Gun Break The Silence album review
Album details

Album Details

Release date: July 9th, 2012
Label: earMUSIC
Producer: Dave Eringa

Musicians:

  • Dante Gizzi (vocals)
  • Giuliano Gizzi (lead guitar)
  • Johnny McGlynn (rhythm guitar)
  • Derek Brown (bass)
  • Paul McManus (drums)

Singles:

  • Break The Silence
  • 14 Stations
  • Innocent Thieves

Chart performance:

  • #58 Scottish Album Chart
  • #25 UK Independent Album Chart

Total sales: 4,000
Certification: n/a
Score: ★ ★ ★ ★ ★ ★ ★ ★

Gun – Break The Silence (2012) Review

Fifteen years is a very long time — long enough to start a family, play in three World Cups, or finally finish Chinese Democracy.

For Gun, it was long enough for a career to fracture, for their momentum to vanish, and for the band’s identity to quietly reset around the Gizzi brothers.

Break The Silence arrives in 2012 not as a victory lap, but as a corrective; a deliberate attempt to rebuild trust with their fanbase after the missteps that derailed their original run, most notably 0141 632 6326.

Gun with Toby Jepson

A Failed Comeback Attempt

Gun’s return wasn’t straightforward.

In 2009, original frontman Mark Rankin declined an invitation to reunite, and Toby Jepson was drafted in as his replacement. Initial enthusiasm quickly turned to doubt when the polished Popkiller EP failed to reconnect with longtime listeners, and when the makeshift lineup soon imploded, it felt like the writing was on the wall.

For the Gizzi brothers, the message was clear: if Gun were coming back for real, they would have to do it on their own terms. In retrospect, Dante Gizzi stepping forward to handle lead vocals didn’t just fill a vacancy — it set in motion a new era built on old foundations.

Gun Break The Silence review

A New Era

Within the first thirty seconds of opening track Butcher Man, it’s clear Gun have returned with purpose.

The effortless groove that underpinned their classic catalogue appears to have been finally restored to their sound, with the production striking a satisfying middle ground between the understated grit of Gallus and the towering scale of Swagger.

As such, Break The Silence sounds noticeably leaner than their mid-’90s peak, yet far more focused than the uncertain reinvention that preceded their hiatus.

The most notable shift, however, is the change in vocal texture. Rather than attempting to replicate the baritone weight of Mark Rankin, Dante Gizzi leans fully into his natural register. The result is a brighter, more direct vocal presence that subtly reshapes the band’s dynamic without diluting its core identity.
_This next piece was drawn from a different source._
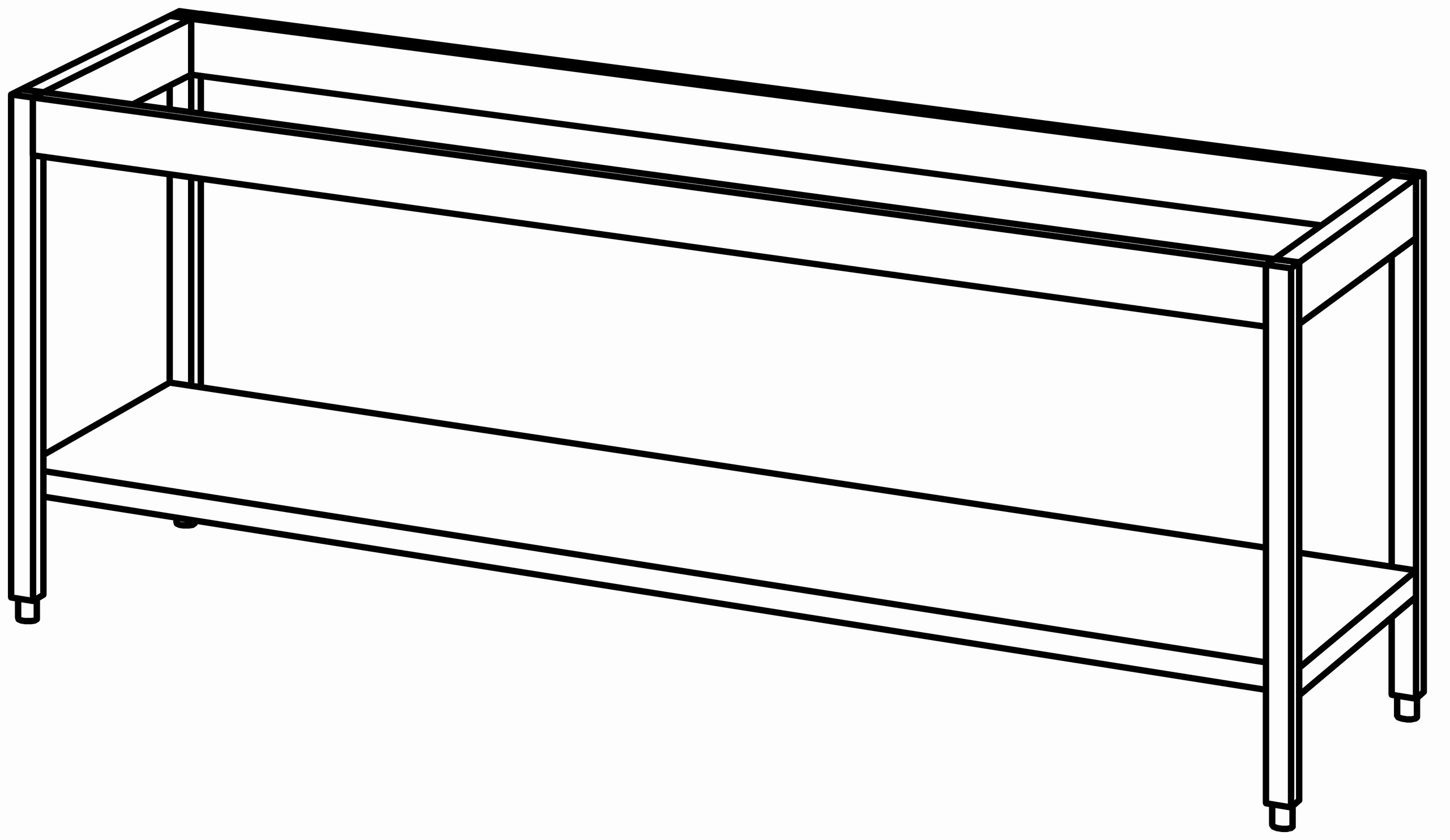 Unterbau-Arbeitstisch offen 2200x660, GB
Break The Silence album by GUN
gun_break_the_silence_review

Return Of The Rhythm Section

Album highlights are plentiful.

From the sombre acoustic reflection of How Many Roads to the meaner-edged guitar bite of Bad Things, Gun’s rhythm section is firing on all cylinders. One particularly inspired choice is the recruitment of drummer Paul McManus, whose pounding grooves inject the album’s twelve tracks with genuine urgency and forward momentum.

In the control room, producer Dave Eringa (known for his work with Manic Street Preachers) applies a light layer of sheen that flatters the band without sanding away their grit. As a result, the absurdly catchy choruses of Lost & Found, Running Out Of Time, and No Substitute feel like genuine contenders for mainstream rock radio.

But above all of these examples sit two clear standouts. First up is the rollicking 14 Stations, a classic hard rock number that proves Gun haven’t lost the instincts that once earned them arena-sized support slots in the mid-’90s. It’s followed by the massive Innocent Thieves, a golden nugget of uplifting midtempo rock built around an enormous singalong chorus.

And while Dante Gizzi’s vocal timbre may take some adjustment for long-time fans, his raspy multi-octave range bends effortlessly around these hooks with the confidence of a frontman who’s beginning to look increasingly at home in the role.

Crucially, the songs don’t feel like a band trying to recreate the past — they feel like a band moving forward with a new voice at the centre.

Gun album Break The Silence

Where It Falls Short

If Break The Silence has a limitation, it’s that the band’s new identity won’t suit everyone.

While Dante Gizzi’s high-register agility — somewhere between Axl Rose and Gerard Way — brings a shot of freshness to the material, it inevitably reshapes the emotional texture of Gun’s sound, making direct comparisons to the Mark Rankin era more difficult. Some long-time fans will adjust quickly; others may simply miss the baritone weight that once anchored their biggest anthems.

There’s also the matter of the guitar work.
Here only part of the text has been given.